Llevo tu nombre abuelito, pero creo que somos hijos de diferente tiempo. Tu sensible fallecimiento ocurrió cuando yo apenas podía sostener mi pacha. Tu creciste y te desarrollaste en una época profundamente fascista, cuando mantener el “orden” y procurar la “estabilidad del gobierno” era casi una religión.
Mis conversaciones de sobremesa eran profundamente militaristas; en todas ellas, invariablemente, elogiaban la firmeza de tus convicciones y tu mano dura, la cual utilizaste, sin dudarlo, en contra de los que considerabas enemigos de ese “orden y estabilidad”: toda esa masa confusa de demócratas, comunistas y libertarios que protestaban por un país más democrático, más humano, más horizontal, más libre.

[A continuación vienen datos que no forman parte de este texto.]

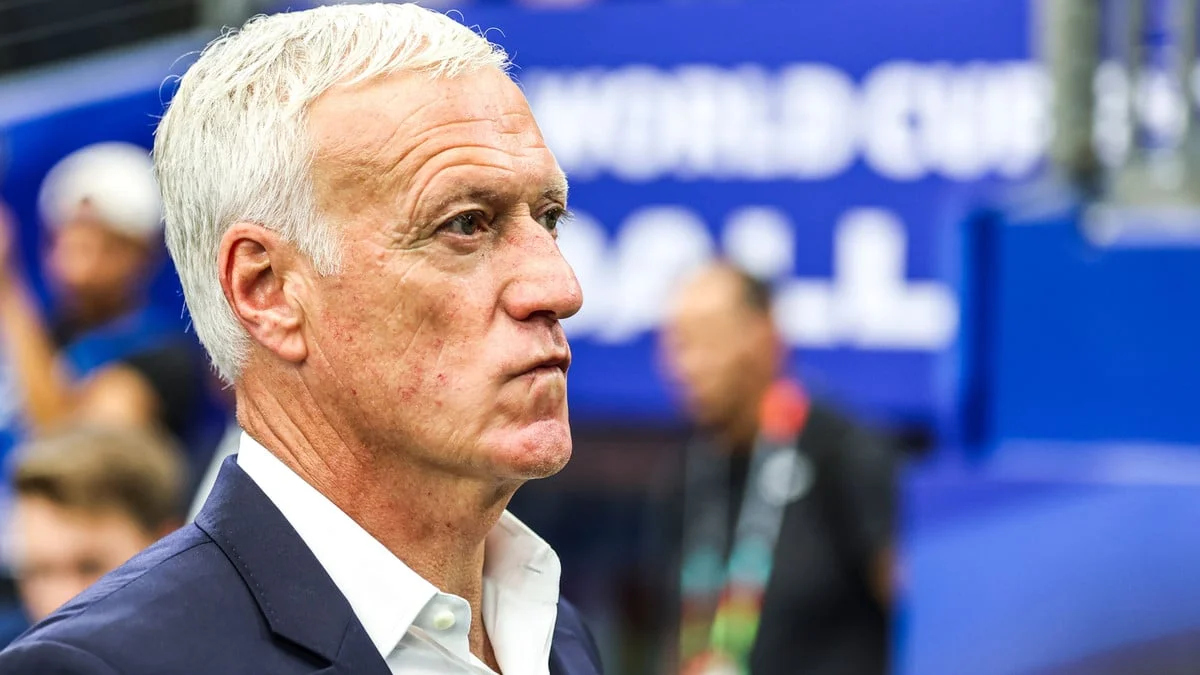 Daniel Riolo : Les «retrouvailles» avec Deschamps lui fait perdre ses moyens, la scène hilarante à l'After Foot 
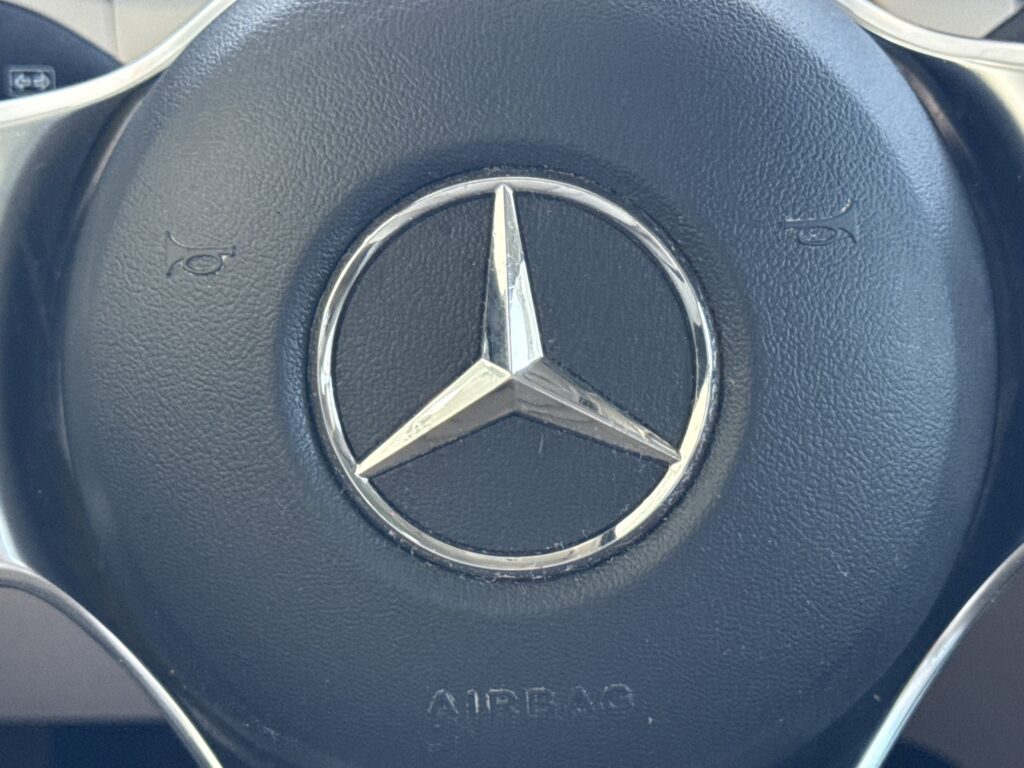 2022 Mercedes-Benz  GLC 300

Mi madre, tu hija, me mostraba con orgullo tu sable de cadete y tus condecoraciones correspondientes a tu grado: coronel de la Guardia Nacional. Yo las tocaba tímidamente, casi como reliquias religiosas. Mi padre, tu yerno, nos contaba cómo le “arrebatabas de las manos” las banderas a los jóvenes comunistas, quienes, al manifestarse, cometían el sacrilegio de tocar con sus “impias manos” el blasón nacional.
Recuerdo que quedaba confundido cuando en las conversaciones de sobremesa mi padre nos narraba cómo participabas en el aporreo de los manifestantes cuyo delito era “pensar diferente”. Crecí pensando que era lo correcto. Nada malo podía venir de ese amable viejito que le hacía trenzas en el pelo a mi tía para ir al colegio, pero abuelo… te quiero decir que ahora pienso diferente.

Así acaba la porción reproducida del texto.